What you should do: Your task is to return the data below, word for word.

Input data:
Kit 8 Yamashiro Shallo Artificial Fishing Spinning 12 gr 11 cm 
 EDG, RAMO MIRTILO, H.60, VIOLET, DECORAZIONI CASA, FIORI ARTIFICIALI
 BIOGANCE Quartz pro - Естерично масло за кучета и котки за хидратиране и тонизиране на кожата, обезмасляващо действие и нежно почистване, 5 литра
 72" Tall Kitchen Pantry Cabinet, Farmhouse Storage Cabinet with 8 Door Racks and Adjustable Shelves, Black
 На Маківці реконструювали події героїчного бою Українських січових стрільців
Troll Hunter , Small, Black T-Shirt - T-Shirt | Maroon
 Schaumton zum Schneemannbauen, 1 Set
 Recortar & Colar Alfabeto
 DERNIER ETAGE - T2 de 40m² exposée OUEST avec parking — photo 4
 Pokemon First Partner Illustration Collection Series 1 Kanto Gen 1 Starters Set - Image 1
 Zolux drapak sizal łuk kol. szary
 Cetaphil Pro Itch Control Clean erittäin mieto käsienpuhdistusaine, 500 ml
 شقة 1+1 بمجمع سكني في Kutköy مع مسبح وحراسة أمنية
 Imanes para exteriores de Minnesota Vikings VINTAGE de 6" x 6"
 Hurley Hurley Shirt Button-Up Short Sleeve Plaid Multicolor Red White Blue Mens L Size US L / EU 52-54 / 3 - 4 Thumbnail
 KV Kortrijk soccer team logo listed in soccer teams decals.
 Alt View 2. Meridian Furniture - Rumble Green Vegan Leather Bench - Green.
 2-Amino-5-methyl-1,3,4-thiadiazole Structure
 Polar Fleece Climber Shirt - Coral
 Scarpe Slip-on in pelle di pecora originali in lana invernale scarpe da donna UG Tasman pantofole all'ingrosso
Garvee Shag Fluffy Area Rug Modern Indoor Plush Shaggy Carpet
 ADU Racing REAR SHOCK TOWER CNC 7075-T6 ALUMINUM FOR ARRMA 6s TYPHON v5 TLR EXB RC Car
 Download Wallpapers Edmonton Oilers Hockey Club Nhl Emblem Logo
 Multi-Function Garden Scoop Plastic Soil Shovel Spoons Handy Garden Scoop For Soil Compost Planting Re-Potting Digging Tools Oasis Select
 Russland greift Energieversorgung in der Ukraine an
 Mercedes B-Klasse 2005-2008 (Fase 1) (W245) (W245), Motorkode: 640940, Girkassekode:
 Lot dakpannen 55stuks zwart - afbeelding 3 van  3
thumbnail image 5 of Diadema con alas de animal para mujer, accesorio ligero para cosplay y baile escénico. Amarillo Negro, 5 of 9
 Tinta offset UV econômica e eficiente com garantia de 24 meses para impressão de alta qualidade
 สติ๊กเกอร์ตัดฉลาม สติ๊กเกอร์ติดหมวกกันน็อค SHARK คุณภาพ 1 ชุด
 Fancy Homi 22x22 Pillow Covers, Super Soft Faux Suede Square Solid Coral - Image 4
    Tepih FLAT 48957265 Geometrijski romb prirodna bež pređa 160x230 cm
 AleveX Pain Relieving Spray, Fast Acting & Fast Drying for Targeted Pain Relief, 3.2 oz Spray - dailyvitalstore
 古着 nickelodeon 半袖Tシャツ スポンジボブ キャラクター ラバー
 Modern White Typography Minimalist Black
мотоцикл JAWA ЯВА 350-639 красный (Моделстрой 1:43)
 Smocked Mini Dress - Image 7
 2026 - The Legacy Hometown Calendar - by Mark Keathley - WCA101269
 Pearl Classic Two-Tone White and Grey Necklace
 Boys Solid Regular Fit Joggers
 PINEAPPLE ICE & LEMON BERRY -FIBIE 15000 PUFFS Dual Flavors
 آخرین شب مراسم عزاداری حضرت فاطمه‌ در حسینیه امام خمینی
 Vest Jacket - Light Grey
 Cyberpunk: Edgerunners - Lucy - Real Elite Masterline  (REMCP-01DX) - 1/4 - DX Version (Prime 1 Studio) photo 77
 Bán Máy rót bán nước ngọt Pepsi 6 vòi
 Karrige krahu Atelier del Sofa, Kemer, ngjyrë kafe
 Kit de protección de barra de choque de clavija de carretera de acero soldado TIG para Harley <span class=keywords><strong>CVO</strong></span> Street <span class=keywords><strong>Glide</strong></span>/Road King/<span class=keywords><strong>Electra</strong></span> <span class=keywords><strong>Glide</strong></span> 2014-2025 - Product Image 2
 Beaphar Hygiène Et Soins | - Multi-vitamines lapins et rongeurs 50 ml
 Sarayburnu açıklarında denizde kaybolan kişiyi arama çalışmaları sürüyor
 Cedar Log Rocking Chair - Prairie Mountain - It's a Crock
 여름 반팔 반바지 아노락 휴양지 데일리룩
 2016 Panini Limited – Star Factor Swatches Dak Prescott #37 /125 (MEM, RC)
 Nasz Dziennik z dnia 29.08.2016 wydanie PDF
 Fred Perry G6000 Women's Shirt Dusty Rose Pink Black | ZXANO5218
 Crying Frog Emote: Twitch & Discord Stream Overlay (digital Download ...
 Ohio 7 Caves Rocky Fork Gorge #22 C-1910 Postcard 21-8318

Result for this exercise:
Kit 8 Yamashiro Shallo Artificial Fishing Spinning 12 gr 11 cm 
 EDG, RAMO MIRTILO, H.60, VIOLET, DECORAZIONI CASA, FIORI ARTIFICIALI
 BIOGANCE Quartz pro - Естерично масло за кучета и котки за хидратиране и тонизиране на кожата, обезмасляващо действие и нежно почистване, 5 литра
 72" Tall Kitchen Pantry Cabinet, Farmhouse Storage Cabinet with 8 Door Racks and Adjustable Shelves, Black
 На Маківці реконструювали події героїчного бою Українських січових стрільців
Troll Hunter , Small, Black T-Shirt - T-Shirt | Maroon
 Schaumton zum Schneemannbauen, 1 Set
 Recortar & Colar Alfabeto
 DERNIER ETAGE - T2 de 40m² exposée OUEST avec parking — photo 4
 Pokemon First Partner Illustration Collection Series 1 Kanto Gen 1 Starters Set - Image 1
 Zolux drapak sizal łuk kol. szary
 Cetaphil Pro Itch Control Clean erittäin mieto käsienpuhdistusaine, 500 ml
 شقة 1+1 بمجمع سكني في Kutköy مع مسبح وحراسة أمنية
 Imanes para exteriores de Minnesota Vikings VINTAGE de 6" x 6"
 Hurley Hurley Shirt Button-Up Short Sleeve Plaid Multicolor Red White Blue Mens L Size US L / EU 52-54 / 3 - 4 Thumbnail
 KV Kortrijk soccer team logo listed in soccer teams decals.
 Alt View 2. Meridian Furniture - Rumble Green Vegan Leather Bench - Green.
 2-Amino-5-methyl-1,3,4-thiadiazole Structure
 Polar Fleece Climber Shirt - Coral
 Scarpe Slip-on in pelle di pecora originali in lana invernale scarpe da donna UG Tasman pantofole all'ingrosso
Garvee Shag Fluffy Area Rug Modern Indoor Plush Shaggy Carpet
 ADU Racing REAR SHOCK TOWER CNC 7075-T6 ALUMINUM FOR ARRMA 6s TYPHON v5 TLR EXB RC Car
 Download Wallpapers Edmonton Oilers Hockey Club Nhl Emblem Logo
 Multi-Function Garden Scoop Plastic Soil Shovel Spoons Handy Garden Scoop For Soil Compost Planting Re-Potting Digging Tools Oasis Select
 Russland greift Energieversorgung in der Ukraine an
 Mercedes B-Klasse 2005-2008 (Fase 1) (W245) (W245), Motorkode: 640940, Girkassekode:
 Lot dakpannen 55stuks zwart - afbeelding 3 van  3
thumbnail image 5 of Diadema con alas de animal para mujer, accesorio ligero para cosplay y baile escénico. Amarillo Negro, 5 of 9
 Tinta offset UV econômica e eficiente com garantia de 24 meses para impressão de alta qualidade
 สติ๊กเกอร์ตัดฉลาม สติ๊กเกอร์ติดหมวกกันน็อค SHARK คุณภาพ 1 ชุด
 Fancy Homi 22x22 Pillow Covers, Super Soft Faux Suede Square Solid Coral - Image 4
    Tepih FLAT 48957265 Geometrijski romb prirodna bež pređa 160x230 cm
 AleveX Pain Relieving Spray, Fast Acting & Fast Drying for Targeted Pain Relief, 3.2 oz Spray - dailyvitalstore
 古着 nickelodeon 半袖Tシャツ スポンジボブ キャラクター ラバー
 Modern White Typography Minimalist Black
мотоцикл JAWA ЯВА 350-639 красный (Моделстрой 1:43)
 Smocked Mini Dress - Image 7
 2026 - The Legacy Hometown Calendar - by Mark Keathley - WCA101269
 Pearl Classic Two-Tone White and Grey Necklace
 Boys Solid Regular Fit Joggers
 PINEAPPLE ICE & LEMON BERRY -FIBIE 15000 PUFFS Dual Flavors
 آخرین شب مراسم عزاداری حضرت فاطمه‌ در حسینیه امام خمینی
 Vest Jacket - Light Grey
 Cyberpunk: Edgerunners - Lucy - Real Elite Masterline  (REMCP-01DX) - 1/4 - DX Version (Prime 1 Studio) photo 77
 Bán Máy rót bán nước ngọt Pepsi 6 vòi
 Karrige krahu Atelier del Sofa, Kemer, ngjyrë kafe
 Kit de protección de barra de choque de clavija de carretera de acero soldado TIG para Harley <span class=keywords><strong>CVO</strong></span> Street <span class=keywords><strong>Glide</strong></span>/Road King/<span class=keywords><strong>Electra</strong></span> <span class=keywords><strong>Glide</strong></span> 2014-2025 - Product Image 2
 Beaphar Hygiène Et Soins | - Multi-vitamines lapins et rongeurs 50 ml
 Sarayburnu açıklarında denizde kaybolan kişiyi arama çalışmaları sürüyor
 Cedar Log Rocking Chair - Prairie Mountain - It's a Crock
 여름 반팔 반바지 아노락 휴양지 데일리룩
 2016 Panini Limited – Star Factor Swatches Dak Prescott #37 /125 (MEM, RC)
 Nasz Dziennik z dnia 29.08.2016 wydanie PDF
 Fred Perry G6000 Women's Shirt Dusty Rose Pink Black | ZXANO5218
 Crying Frog Emote: Twitch & Discord Stream Overlay (digital Download ...
 Ohio 7 Caves Rocky Fork Gorge #22 C-1910 Postcard 21-8318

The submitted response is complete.